I agree with Erik Naggum about the impracticality of the mnemonic naming
proposed by Keld Simonsen. While I believe Keld's intentions were good,
I also think that his working model is untenable, i.e., that one can derive
a set of useful mnemonics (2 character in length) for each character in
the union of all character sets.
As Erik points out, the nature of Keld's proposed notation limits the
collection of mnemonics to a number far less than the number of elements
in 10646; furthermore, the mnemonic value is quickly lost, and, indeed,
is completely irrelevant in the case of Han characters [How should one
choose a mnemonic for a Han character? Should its meaning be used? Or
its pronunciation? In either case, both meaning and pronunciation differ
across the different uses of the same character among different writing
systems, e.g., Chinese, Japanese, Korean, & Vietnamese.]

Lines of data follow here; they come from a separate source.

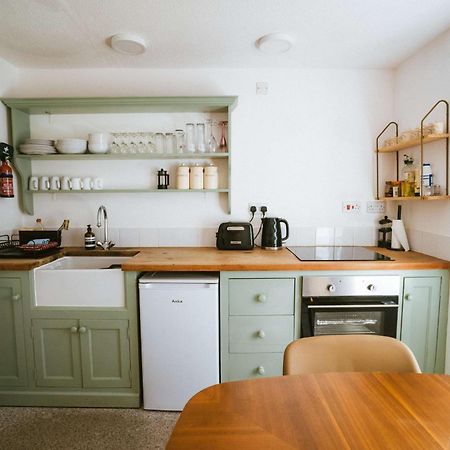 פאלמות' Breathtaking High Street Townhouse With Stunning Sea Views At 'The Old Fishermans Townhouse' מראה חיצוני תמונה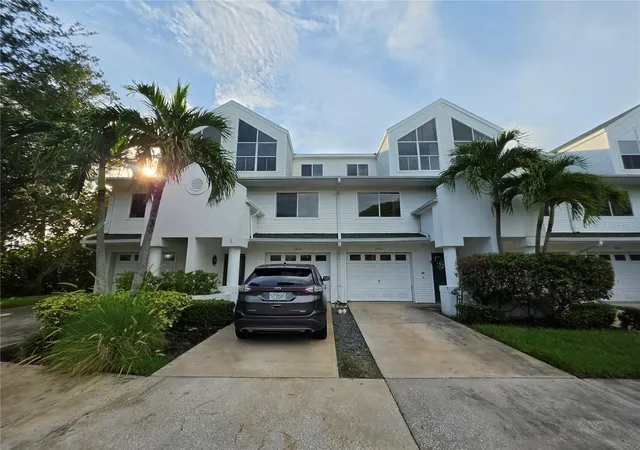 Townhouse for sale at 9870 Indian Key Trl #64, SEMINOLE, FL 33776 | MLS# TB8542207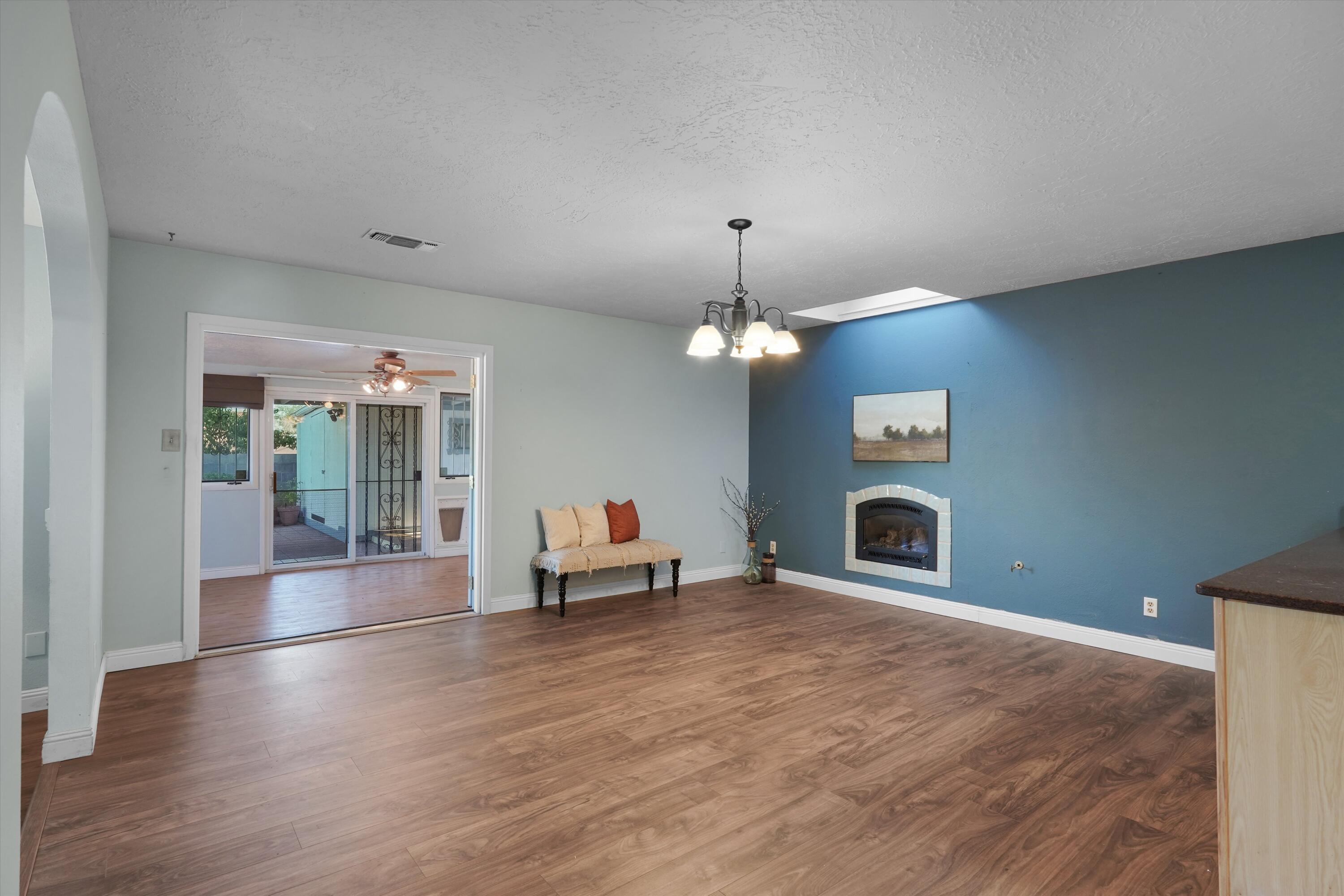 Photo 18 — 6901 Gisele Drive NE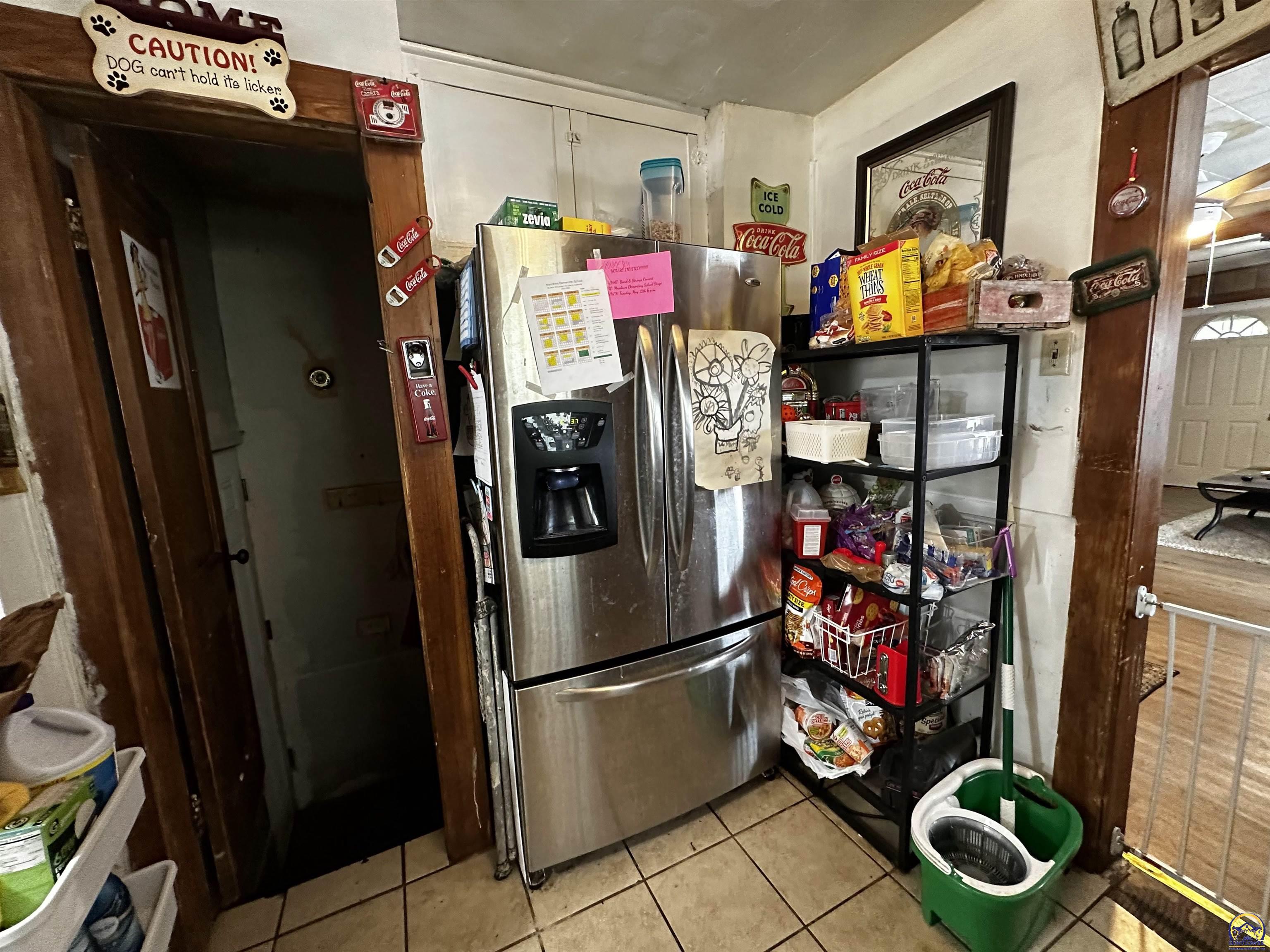 811 Southeast Branner Street Topeka, KS 66607 - Photo 19 of 34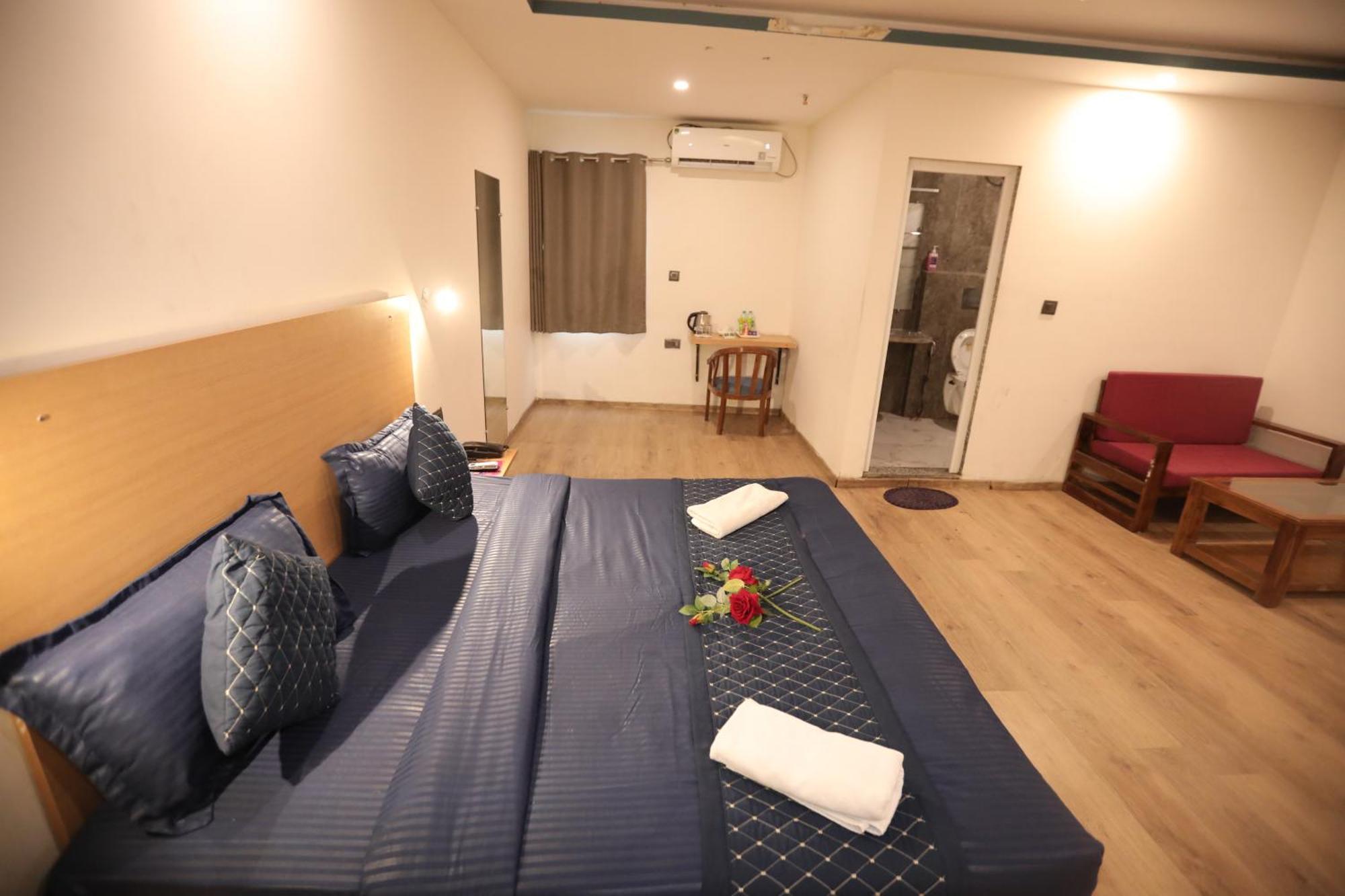 Hotel Noida Grand Sec 58 Εξωτερικό φωτογραφία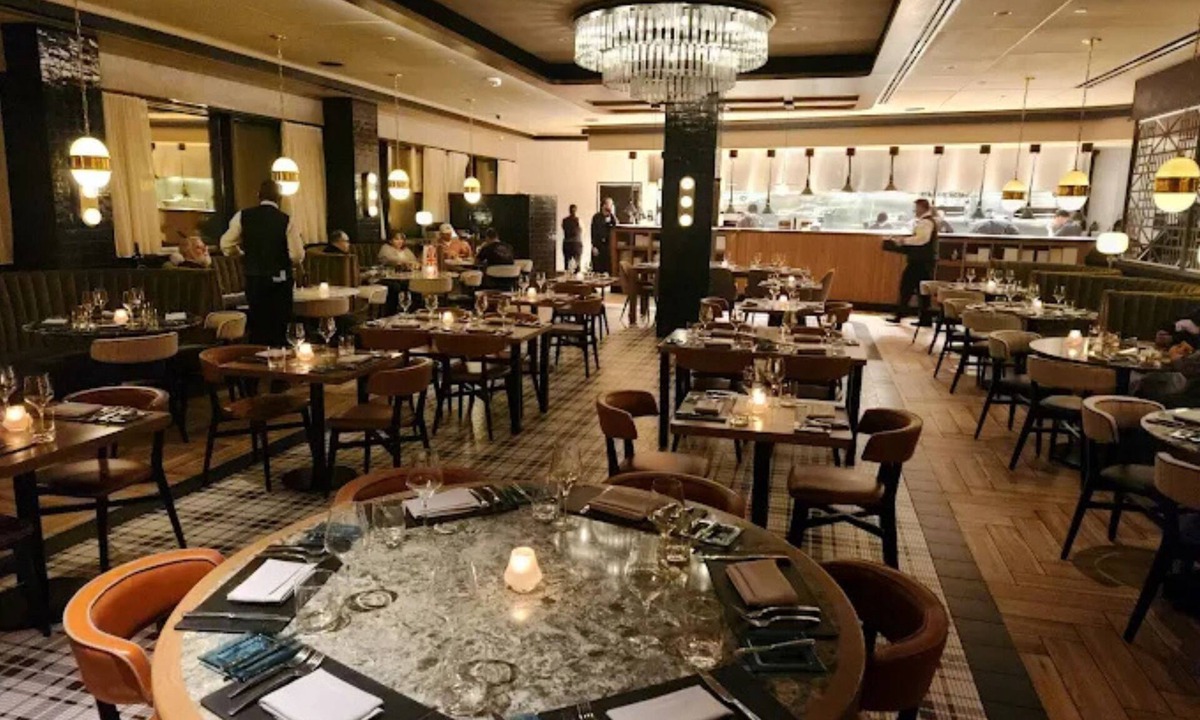 Bridgeport Hotel | Caesars Southern Indiana Hotel & Casino - A Caesars Rewards Destination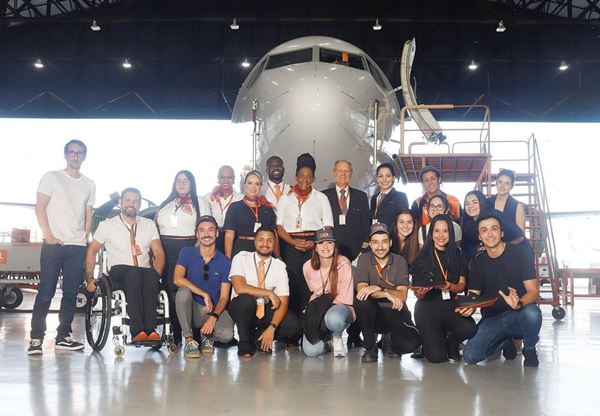 Grupo de tripulação posando em aeroporto - Metrópoles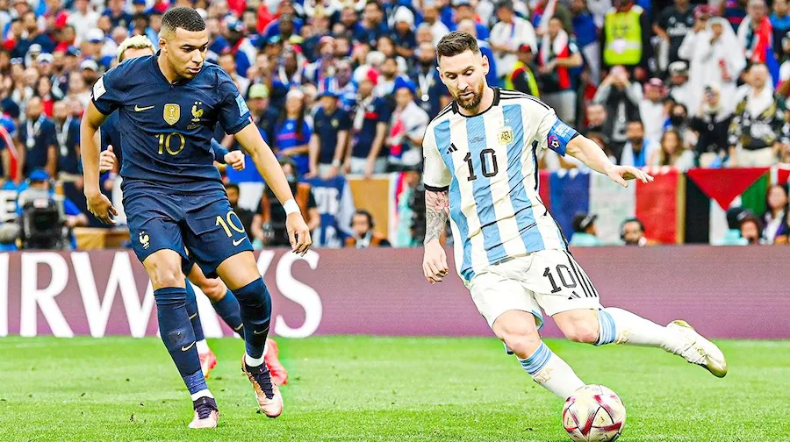 FIFA World Cup: फीफा वर्ल्ड कप हारने के बावजूद एम्बाप्पे की वाह-वाही, गोल्डन बूट किया अपने नाम
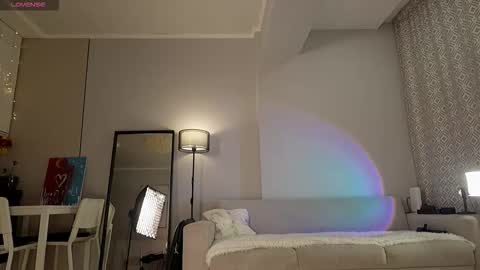 Snapshot of yoursecretloveee chatting on 02-03-26, 02:11 Luminous Luna online show from 02-03-26, 02:11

On the other hand, if one were to use the full names of 10646, a file may
be quite unwieldy in its size due to the enormous expansion required to
convert non-ISO646 character references to entity names.
Personally, I think folks should be thinking about concrete syntaxes whose
baseset is ISO10646, rather building systems based on the reference concrete
syntax. Of course these two concrete syntaxes are isomorphic by means of
entity referencing. But we should really be building full 10646 syntaxes.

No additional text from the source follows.